_ACTION ITEM_: Write every record below out exactly; no images.

_DATA UNDER STUDY_:
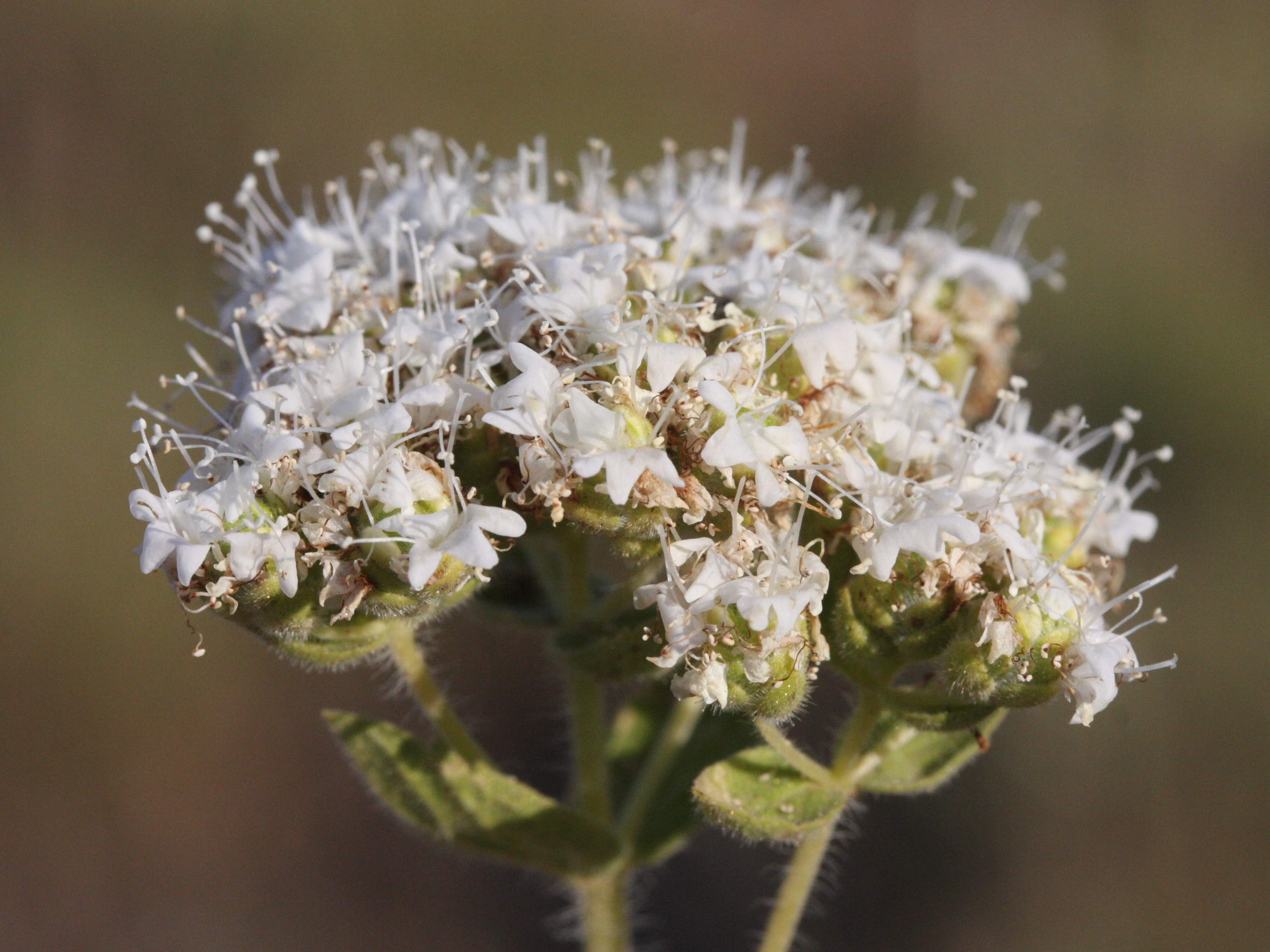 Afficher le média origanum_onites2md origanum_onites2md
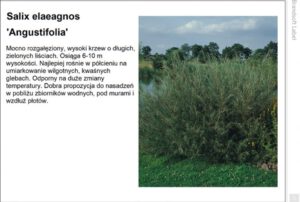 Projekt etykiety samoprzylepnej rośliny wykonany w programie Brandsoft Label. Oznaczenie salix elaeagnos angustifolia. Fot. Garden-Label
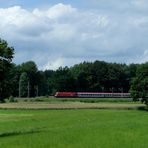 Wolken-Himmel-Reich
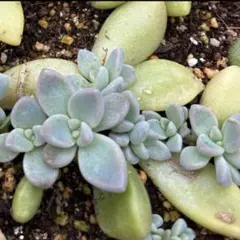 多肉植物　桜牡丹② 葉挿し　抜き苗のサムネイル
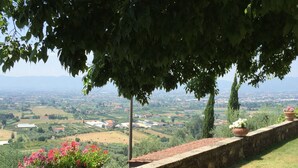 Un mur de pierres, agrémenté de plantes et de fleurs en pot, qui offre une vue sur un paysage rural avec des champs et des maisons.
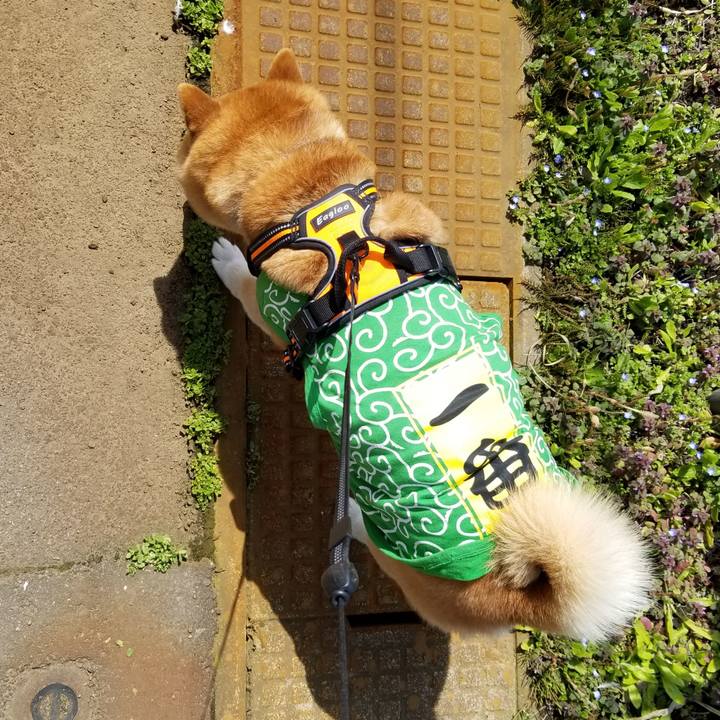 2b9dbd7d 90af 4355 a6d3 3c72e03fcf62 1585646174574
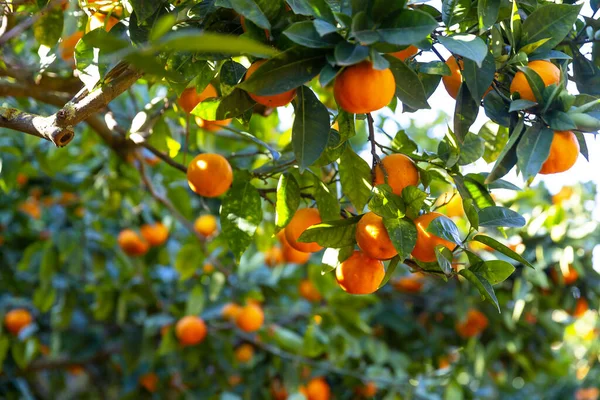 Delicious Sicilian Oranges Citrus Grove — Stock Photo, Image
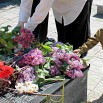 IMG_7092_обработано.JPG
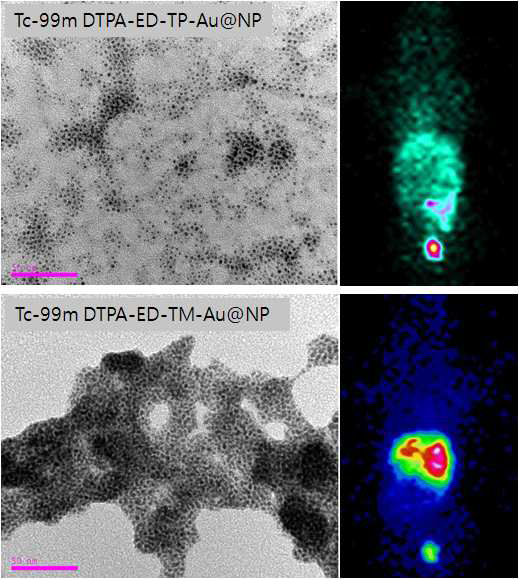 Tc-99m DTPA와 일부 결합시킨 ED-TP-Au@NP, ED-TM-Au@NP의 생체내 distribution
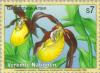 Colnect-139-049-Lady-s-slipper-orchid-Cypripedium-calceolus.jpg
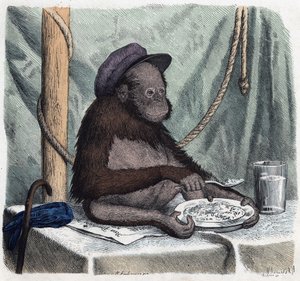 Wykształcony orang outan (orangutan, orang outang, orangutan) zjada ryż łyżką. W „Kiedy ktoś podróżuje, oto co może opowiedzieć”, niemiecka opowieść Franza Wiedemanna autorstwa German School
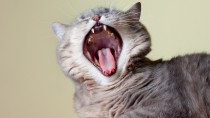 Dr. Ernie's Top 10 Cat Dental Questions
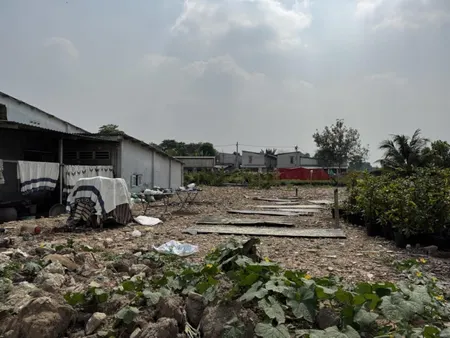 🔥 Đất 305m², Nở hậu, Đ.6m – Vườn Lài Q12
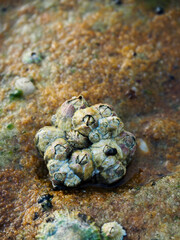 marine barnacle on the surface of a rock along the beach in Sydney, Australia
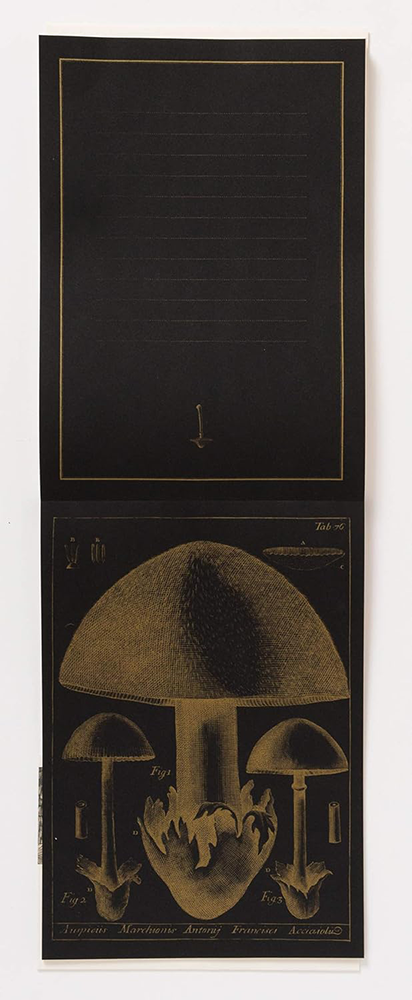 Mushroom illustration on a black background with gold accents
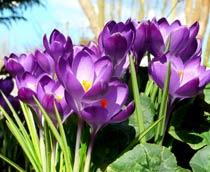 Crocus-B.jpg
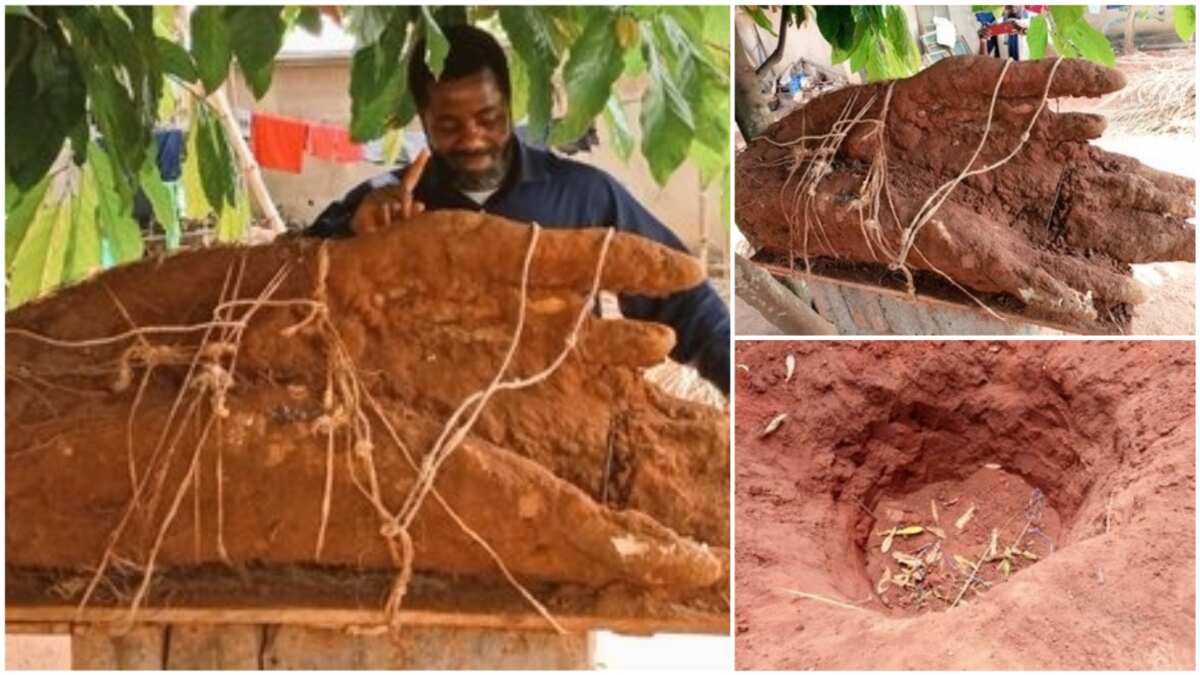 This very big yam harvested in Anambra generates reactions, 'okada' may not be able to carry it (see photos)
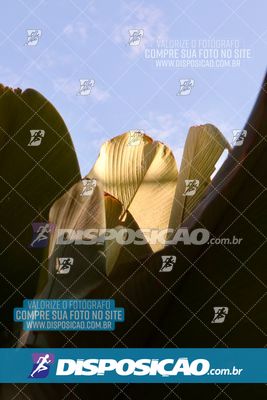 Foto 6806939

_WRITTEN ANSWER_:
 Afficher le média origanum_onites2md origanum_onites2md
 Projekt etykiety samoprzylepnej rośliny wykonany w programie Brandsoft Label. Oznaczenie salix elaeagnos angustifolia. Fot. Garden-Label
 Wolken-Himmel-Reich
 多肉植物　桜牡丹② 葉挿し　抜き苗のサムネイル
 Un mur de pierres, agrémenté de plantes et de fleurs en pot, qui offre une vue sur un paysage rural avec des champs et des maisons.
 2b9dbd7d 90af 4355 a6d3 3c72e03fcf62 1585646174574
 Delicious Sicilian Oranges Citrus Grove — Stock Photo, Image
 IMG_7092_обработано.JPG
 Tc-99m DTPA와 일부 결합시킨 ED-TP-Au@NP, ED-TM-Au@NP의 생체내 distribution
 Colnect-139-049-Lady-s-slipper-orchid-Cypripedium-calceolus.jpg
 Wykształcony orang outan (orangutan, orang outang, orangutan) zjada ryż łyżką. W „Kiedy ktoś podróżuje, oto co może opowiedzieć”, niemiecka opowieść Franza Wiedemanna autorstwa German School
 Dr. Ernie's Top 10 Cat Dental Questions
 🔥 Đất 305m², Nở hậu, Đ.6m – Vườn Lài Q12
 marine barnacle on the surface of a rock along the beach in Sydney, Australia
 Mushroom illustration on a black background with gold accents
 Crocus-B.jpg
 This very big yam harvested in Anambra generates reactions, 'okada' may not be able to carry it (see photos)
 Foto 6806939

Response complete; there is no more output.